# The Labs



## Luvdogs (Aug 15, 2008)

I took some lovely pics of my labs playing


----------



## Guest (Mar 23, 2009)

nice piccies. love the one where they are both lying down.


----------



## Kathryn1 (Jan 30, 2009)

AWWwwwww Wow!!!!!!!!

I LOVE THEM!!! they are absolutely gorgeous. I love Labs they are one of my favourite, they have such wonderful temperment as you can see by the pics. xxx


----------



## Luvdogs (Aug 15, 2008)

They are so completely natural together, it's lovely to see them playing....it does tend to get a little more lively when the pupsters about


----------



## AlexT (Jan 16, 2009)

awww they're lovely pics their so cute together


----------



## Shazach (Dec 18, 2008)

Gorgeous, I love to see dogs playing 
Sh x


----------



## noushka05 (Mar 28, 2008)

aww what Great pics, the bottom 2 pics are just Gorgeous


----------



## Luvdogs (Aug 15, 2008)

It hots up a bit when the ginger ninja is out to play


----------



## 3 red dogs (May 17, 2008)

aww, luvdogs, there almost as stunning as the Ginger Ninja!! 
Great pics hun, and great dogs


----------



## Guest (Mar 23, 2009)

Great pics, gorgeous labs! I could just eat em up!! xxx


----------



## thedogsmother (Aug 28, 2008)

Lovely dogs, lovely photos.
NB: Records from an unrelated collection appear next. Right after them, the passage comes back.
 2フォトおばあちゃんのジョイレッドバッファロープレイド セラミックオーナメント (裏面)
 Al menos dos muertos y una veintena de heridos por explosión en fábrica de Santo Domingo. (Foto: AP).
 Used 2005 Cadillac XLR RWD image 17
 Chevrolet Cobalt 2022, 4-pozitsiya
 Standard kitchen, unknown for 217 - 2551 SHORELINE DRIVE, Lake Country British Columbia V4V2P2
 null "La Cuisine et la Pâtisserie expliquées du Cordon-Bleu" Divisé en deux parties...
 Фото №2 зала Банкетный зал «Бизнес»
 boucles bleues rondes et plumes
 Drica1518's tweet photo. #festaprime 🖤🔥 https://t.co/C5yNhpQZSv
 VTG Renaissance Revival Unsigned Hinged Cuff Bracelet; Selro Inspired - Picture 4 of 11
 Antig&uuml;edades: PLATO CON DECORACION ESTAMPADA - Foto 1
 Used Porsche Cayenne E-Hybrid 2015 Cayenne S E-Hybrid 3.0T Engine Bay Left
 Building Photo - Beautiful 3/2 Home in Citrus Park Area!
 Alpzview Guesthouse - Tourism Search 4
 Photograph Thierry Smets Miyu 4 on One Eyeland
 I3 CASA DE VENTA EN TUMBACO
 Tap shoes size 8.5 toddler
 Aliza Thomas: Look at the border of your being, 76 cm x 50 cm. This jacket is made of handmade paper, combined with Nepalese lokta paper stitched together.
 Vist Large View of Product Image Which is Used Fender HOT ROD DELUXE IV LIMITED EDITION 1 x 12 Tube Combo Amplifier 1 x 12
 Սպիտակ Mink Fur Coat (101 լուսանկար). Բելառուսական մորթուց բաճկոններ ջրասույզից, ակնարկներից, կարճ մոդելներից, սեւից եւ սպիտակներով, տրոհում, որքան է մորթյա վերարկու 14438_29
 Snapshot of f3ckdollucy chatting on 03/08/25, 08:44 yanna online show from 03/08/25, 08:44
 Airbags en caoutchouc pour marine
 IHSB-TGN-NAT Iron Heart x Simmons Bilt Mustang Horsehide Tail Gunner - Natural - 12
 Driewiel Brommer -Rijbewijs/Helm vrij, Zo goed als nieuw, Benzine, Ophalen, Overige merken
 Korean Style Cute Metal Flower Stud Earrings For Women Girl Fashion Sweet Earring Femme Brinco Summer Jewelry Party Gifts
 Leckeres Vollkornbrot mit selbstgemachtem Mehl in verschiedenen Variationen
I wish I could take photos that good.


----------



## Luvdogs (Aug 15, 2008)

thedogsmother said:


> Lovely dogs, lovely photos. I wish I could take photos that good.


Thank you  i probably just need to get out a bit more!! LOL


----------



## Sleeping_Lion (Mar 19, 2009)

Lovely photos, not that I'm at all biased towards the Chocolate variety


----------



## Luvdogs (Aug 15, 2008)

Sleeping_Lion said:


> Lovely photos, not that I'm at all biased towards the Chocolate variety


Chocolate rules :cornut::thumbup1:


----------



## JSR (Jan 2, 2009)

Lovely pictures!! They look so happy and relaxed. :thumbup:


----------



## LabWorld (Mar 5, 2009)

Gorgeous Labs!! I love the third pic


----------